JURNALSUKABUMI.COM – Wali Kota Sukabumi, Achmad Fahmi, beserta jajaran menerima kunjungan Komisi II DPR RI, di balai kota Senin 18 April 2022. Dalam kesempatan tersebut Kang Fahmi menyampaikan sejumlah hal.
Kunjungan kerja ini diikuti oleh Wakil Ketua Komisi II DPR RI, Syamsurizal, beserta anggotanya.

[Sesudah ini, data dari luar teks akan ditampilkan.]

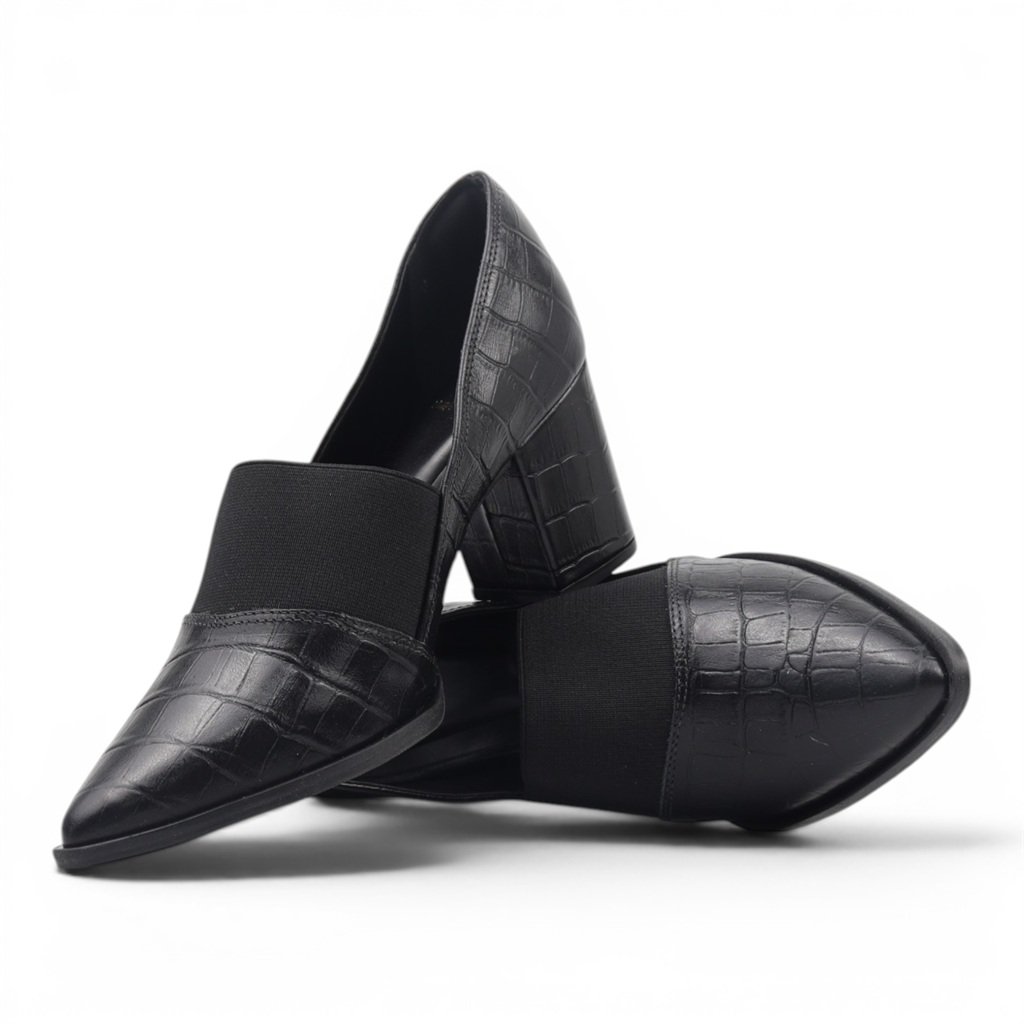 Scarpin Salto Bloco Couro Preto 2
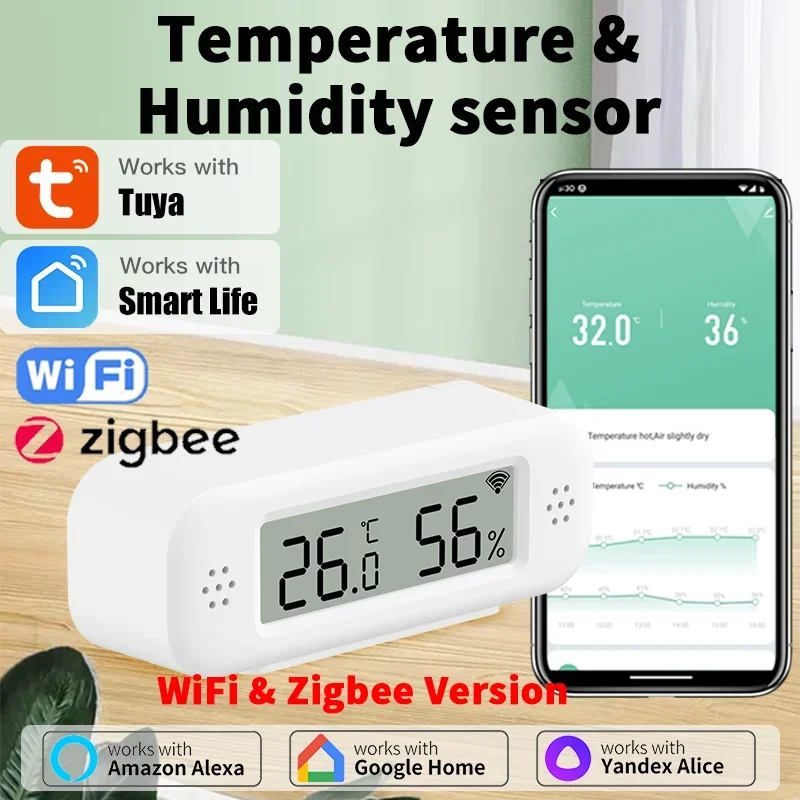 Tuya Zigbee WiFi Mini Temperature Humidity For Smart Home Thermometer Hygrometer APP Remote Work with Google Home Yandex Alexa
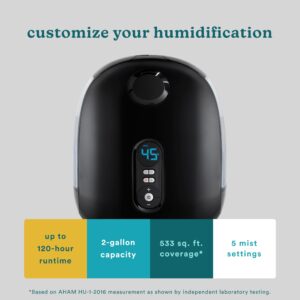 Homedics TotalComfort Deluxe Humidifier – Large Air Humidifiers for Bedroom, Plants – Top-Fill Dual 3.8L Water Tanks with Cool and Warm Mist, Essential Oil Pads, Colored Night-Light, Black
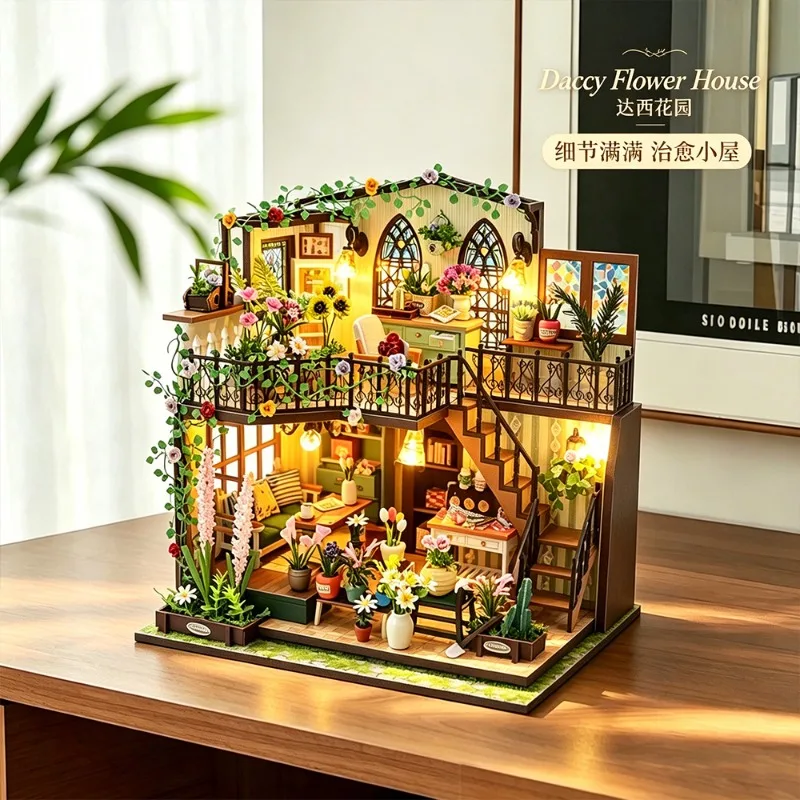 

Unique Shape Flower House 3D Wooden Puzzle DIY Assembly Jigsaw Model Toy Handmade Craft Home Decoration Birthday Gift for Adults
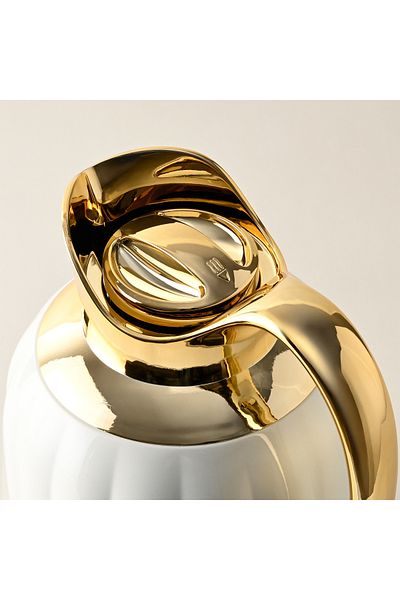 Dallaty pumpk steel vacuum flask white and gold 1L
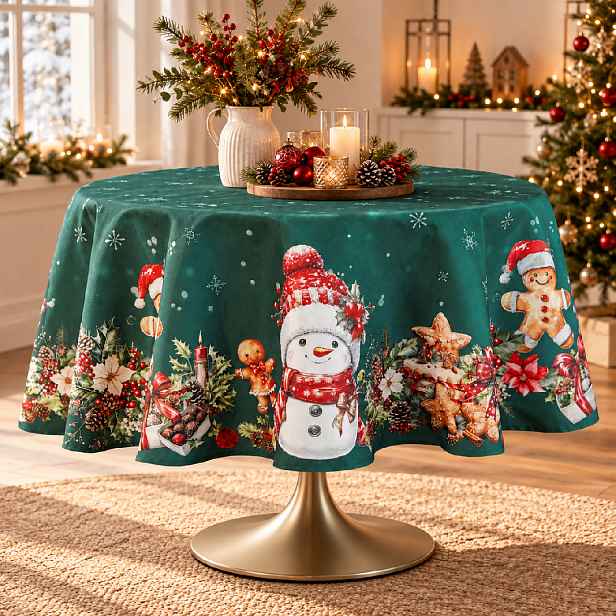 Vánoční ubrus na stůl XMAS PARTY zelený Ø 150 cm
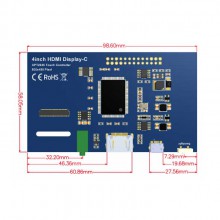 PT25002 4 inch Raspberry Pi HDMI display Raspberry Pi touch screen IPS HD 800X480 for 3B+/4B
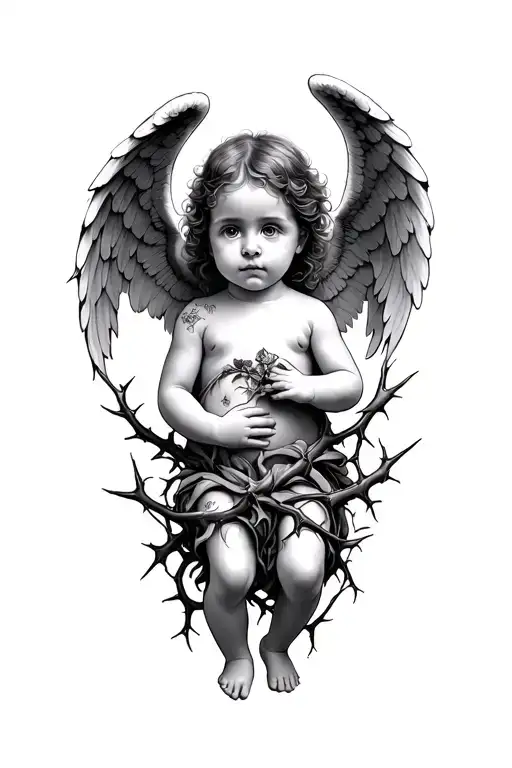Baby Angel Surrounded By Thorn Vine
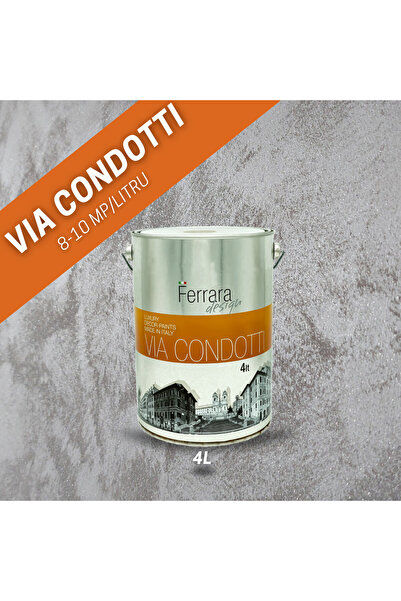 Ferrara Design Vopsea decorativa Via Condotti, Ferrara Design, culoare argintie, pe baza de apa, pentru interior,4L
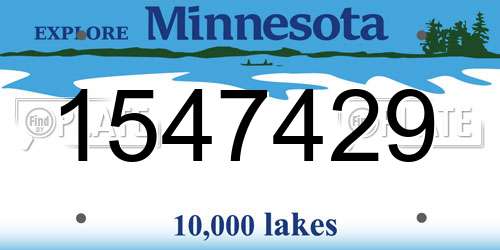1547429 Minnesota License Plate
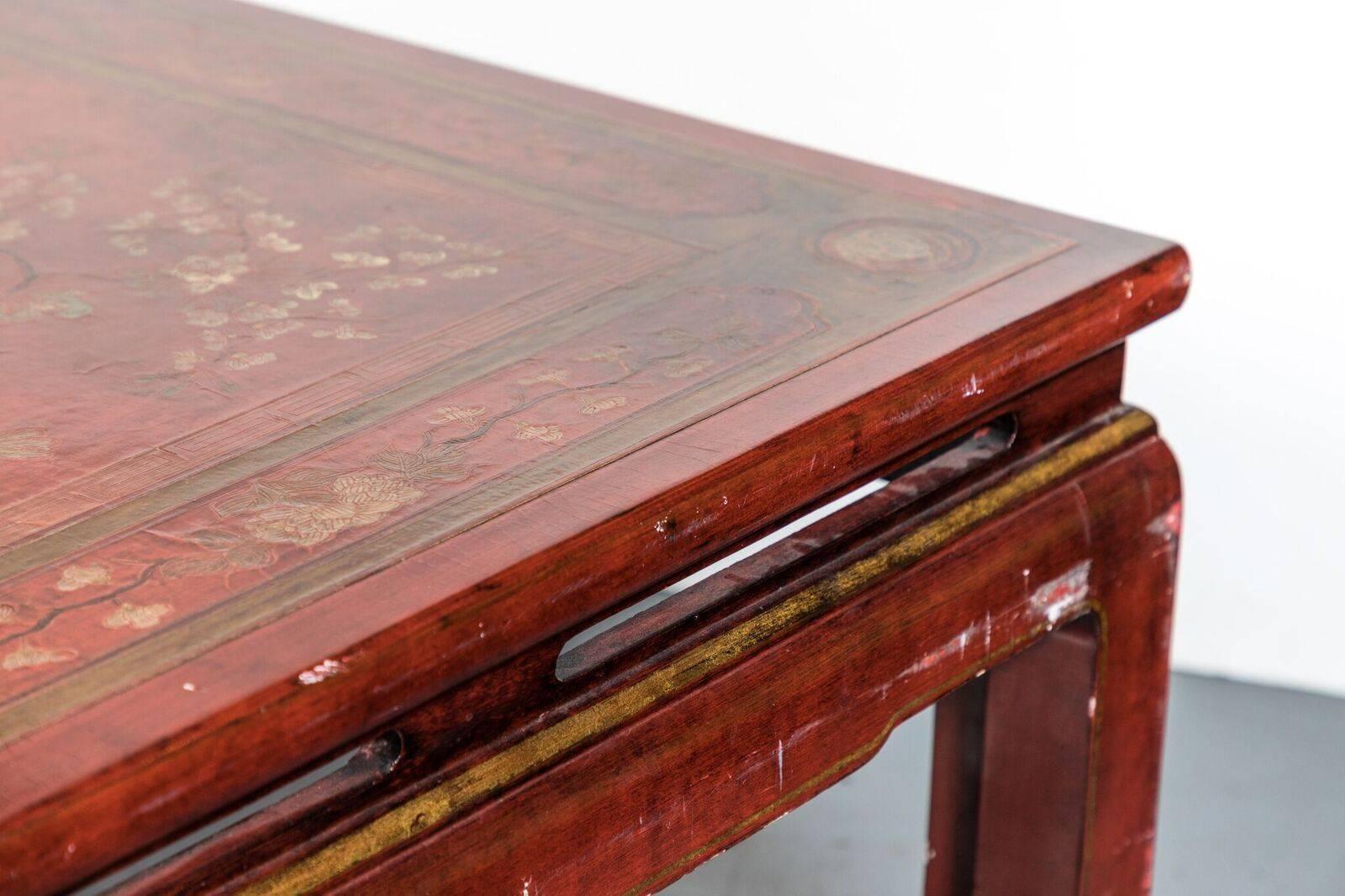 Early 20th Century 1920s, Crimson, Chinoiserie Coffee Table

Hadir pula legislator asal Sukabumi sekaligus mantan wali kota, Mohamad Muraz.
Salah satu hal yang jadi bahasan dalam pertemuan itu adalah terkait penganggaran Dana Insentif Daerah (DID) bagi Pemkot Sukabumi yang pada tahun 2022, mengalami penurunan dari jumlah Rp 41 miliar pada tahun sebelumnya, kini hanya sekitar Rp. 3 miliar.

Wali Kota dalam pemaparannya, mengatakan saat ini pihaknya masih belum mengetahui alasan menurunnya besaran DID, meski semua indikator yang disyaratkan telah terpenuhi, dan Kota Sukabumi masuk dalam klaster A.
Kemudian terkait SIPD (Sistem Informasi Pemerintah Daerah) Kementerian Dalam Negeri yang masih menyebabkan kendala di tingkat Pemerintah Daerah terkait pembatasan kewenangan daerah.
Dibahas pula mengenai P3K (Pegawai Pemerintah dengan Perjanjian Kerja), yang kini dibebankan kepada pemerintah daerah, setelah sebelumnya ditangani oleh Pemerintah Pusat.
Tak lupa Kang Fahmi juga berterimakasih atas pemilihan Kota Sukabumi sebagai locus pusat kegiatan wilayah, sehingga permasalahan yang dialami Pemerintah Kota Sukabumi maupun daerah disekitar, bisa mendapatkan advokasi dari Komisi II DPR RI maupun lembaga negara lainnya.
Untuk diketahui, pertemuan ini juga dihadiri Wakil Wali Kota, Andri Setiawan Hamami, dan Ketua DPRD Kota Sukabumi, Kamal Suherman.
Kunjungan kerja juga diikuti oleh perwakilan lembaga negara seperti Kementerian Dalam Negeri, Ombudsman, ATR BPN, KPU dan Bawaslu, dibahas beberapa hal yang selama ini menjadi tantangan dan kendala bagi Pemerintah Kota Sukabumi dalam melaksanakan program pembangunan.
Sementara itu, Anggota DPR RI Komisi II, Mohamad Muraz mengatakan, kunker tersebut tidak lain untuk menyerap aspirasi. Termasuk tiga poin yang menjadi kendala Pemkot Sukabumi.
“Sesuai dengan yang disampaiakan Pak Wali Kota Sukabumi, kendala-kendala ini akan kami tampung dan segera dicarikan solusi di tingkat pusat,” sambungnya.
Adapun aspirasi atau keluhan Pemkot Sendiri yaitu, menurunnya dana DAU dan DID, sistem keuangan daerah SIPD dan terakhir P3K.
“Ketiga hal tersebut yang merepotkan pemda. Selain itu kami dari Komisi II DPR RI mengevaluasi masalah pelayanan publik dan masalah-masalah pertanahan di Kota dan Kabupaten Sukabumi,” tutup Muraz.